The second half of the work was inspired by Hildur Guðnadóttir, the composer from Iceland who made The Joker and Chernobyl. That was the sound of dread. I asked her to do it but Hildur just said no to me, I guess she has lots of big movie deals and projects.
But since I knew Jamie xx, I thought, you know what, I'll ask him, because he might say yes. And loads of people will come to my show if Jamie xx agrees to put his name to it. But I also thought Jamie's music is innately joyful. He doesn’t make sad dread music, his music is full of hope and joy. So originally, that's why I didn't think he was the right person. But then he said, okay, I'll do it. And what Jamie really worked loads on was the duet with my voice and I think I could not be happier with the music that he made for the speech. I think it's fucking wonderful.
And to Bush Moukarzel who I wrote the speech with I said: you're going to have to find hope at the end of it, because I don't have it. And he helped me find hope in it. And I said the same to Jamie. And the hope in the music that Jamie did is the whole brilliance of the show. The show is nothing without that phrase of music at the end.
That's beautiful how you’re saying that you needed your collaborators to give you something that you couldn’t give yourself at this point.

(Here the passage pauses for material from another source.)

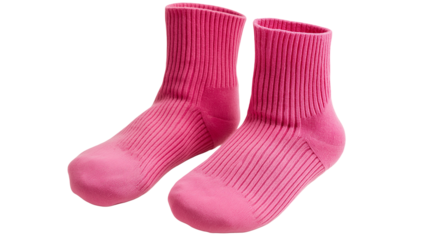pair of pink  socks isolated on white background , transparent , png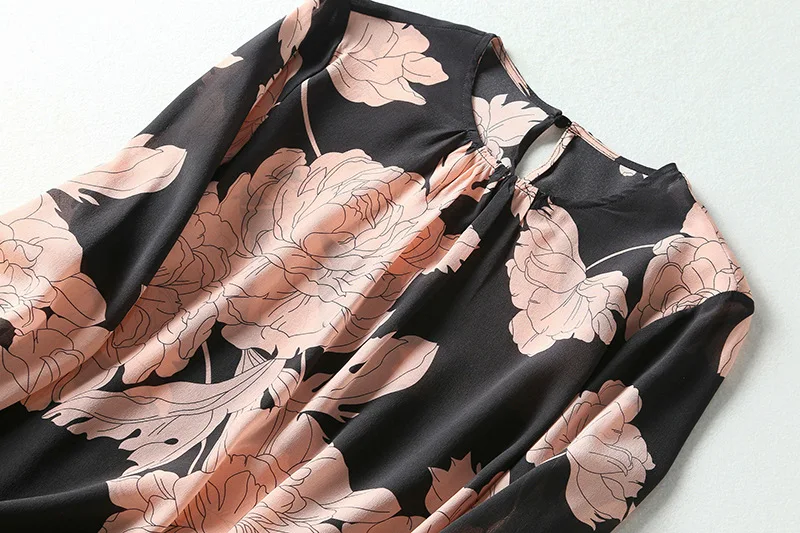 

European and American women's dresses for spring 2021 Floral print with long sleeve round collar Fashion silk shirt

Totally. So Jamie did that music at the end, which is… it's love. He brought love back into the room and Bush wrote: there's nothing else to do but love one another and die. That and Jamie's music are the two strongest heart punches. The dancers as well, they are brilliant. The only thing I would love to change about the music is the fact that Jamie and I were not in the room together during the process. That's another thing if you ask me about the future of my dancing: a key to the studio and to afford to have the musicians there too, everyone in the room.
Oona Doherty
Oona Doherty, born in London in 1986, is an Irish dancer, choreographer and artist from Belfast whose dance style is known for its strength, expression of anger and tenderness. Doherty studied at the London School of Contemporary Dance, the University of Ulster and the Laban Centre London and worked for four years with the Dutch company “T.R.A.S.H.”, which is known for its punk, experimental style. She has won numerous awards for her choreography, such as the “Best Performers Award” at the “Tiger Dublin Fringe Awards 2016” for her piece “Hope Hunt”. In 2021, she was awarded the Silver Lion at the Venice Dance Biennale. In 2024 she became one of Sadlers Wells Associates and won a CHANEL Next Prize.
About the author
Isabel Gatzke works as a dramaturge in the fields of contemporary dance and performance. She studied Cultural Studies and Aesthetic Practice (B.A.) at the University of Hildesheim and Dramaturgy (M.A.) at the Zurich University of the Arts.
Her practice is characterized by the close connection of dramaturgy as theoretical research and as a working method and conception in artistic processes – her work focuses on (auto)biographical and autofictional approaches and an examination sensitive to diversity of bodies and language. 2022 and 2023 she co-curated the education programme of the Zürcher Theater Spektakel and has been part of the Gessnerallee programme team since the season 2024/25.